# ASSIGNMENT
Could each entry below be written out exactly, with every picture dropped?

# SOURCE MATERIAL
::::::::::
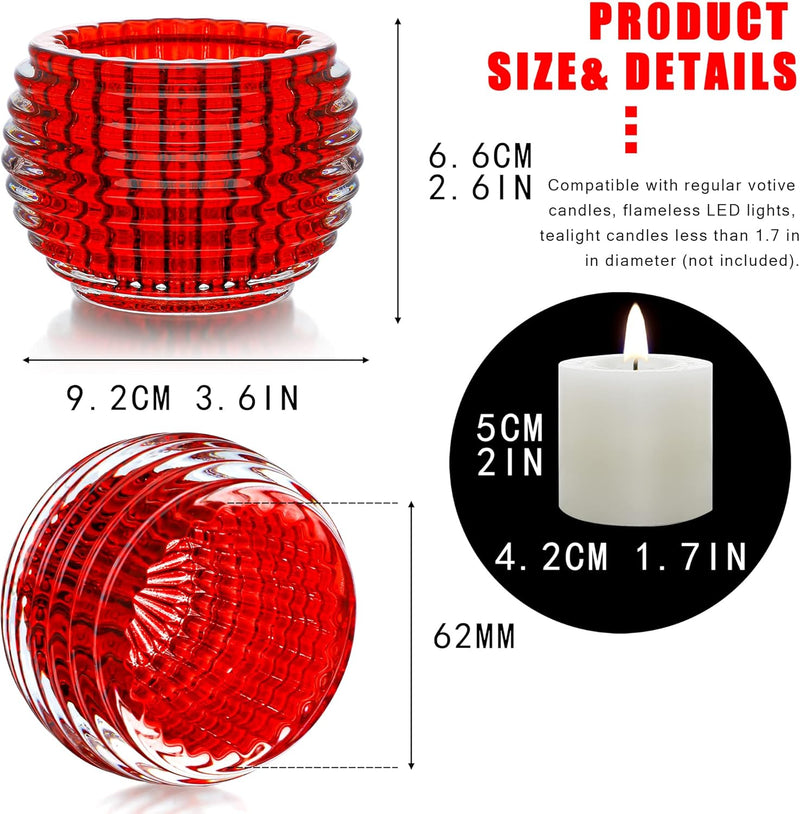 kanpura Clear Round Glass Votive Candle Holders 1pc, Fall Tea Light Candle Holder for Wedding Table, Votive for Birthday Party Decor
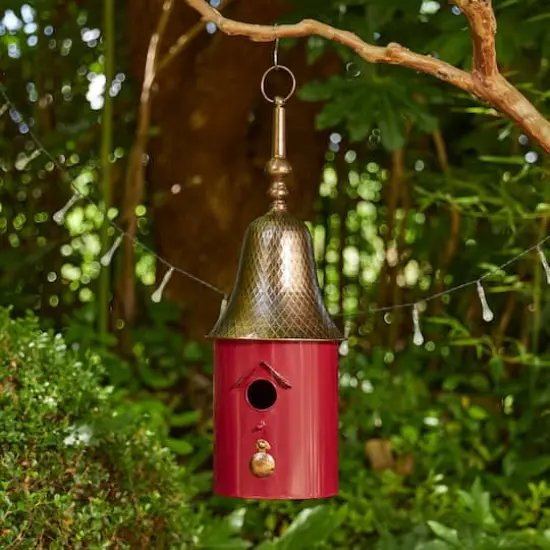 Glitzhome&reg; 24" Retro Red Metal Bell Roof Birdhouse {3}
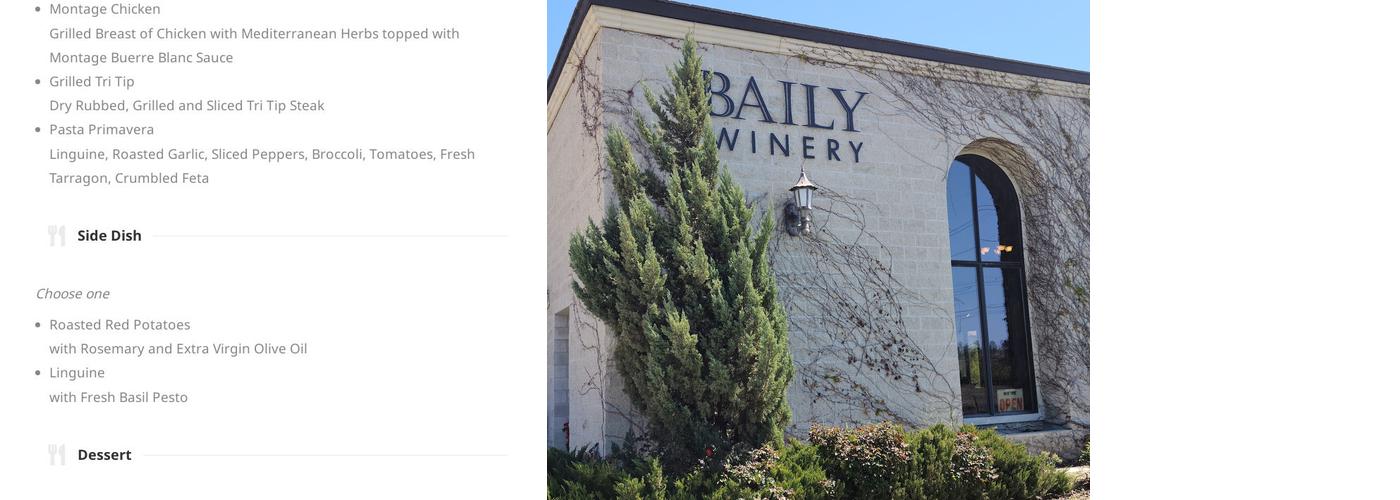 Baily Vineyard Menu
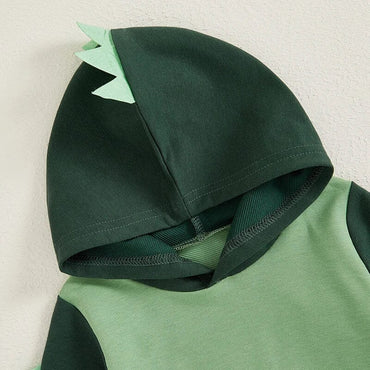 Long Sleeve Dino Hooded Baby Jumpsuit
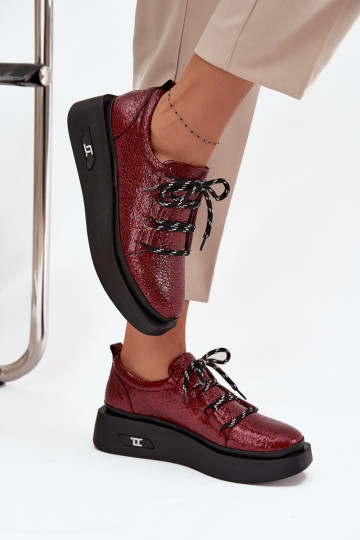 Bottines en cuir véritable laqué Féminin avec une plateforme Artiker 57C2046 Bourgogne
::::::::::
# ANSWER SPACE
 kanpura Clear Round Glass Votive Candle Holders 1pc, Fall Tea Light Candle Holder for Wedding Table, Votive for Birthday Party Decor
 Glitzhome&reg; 24" Retro Red Metal Bell Roof Birdhouse {3}
 Baily Vineyard Menu
 Long Sleeve Dino Hooded Baby Jumpsuit
 Bottines en cuir véritable laqué Féminin avec une plateforme Artiker 57C2046 Bourgogne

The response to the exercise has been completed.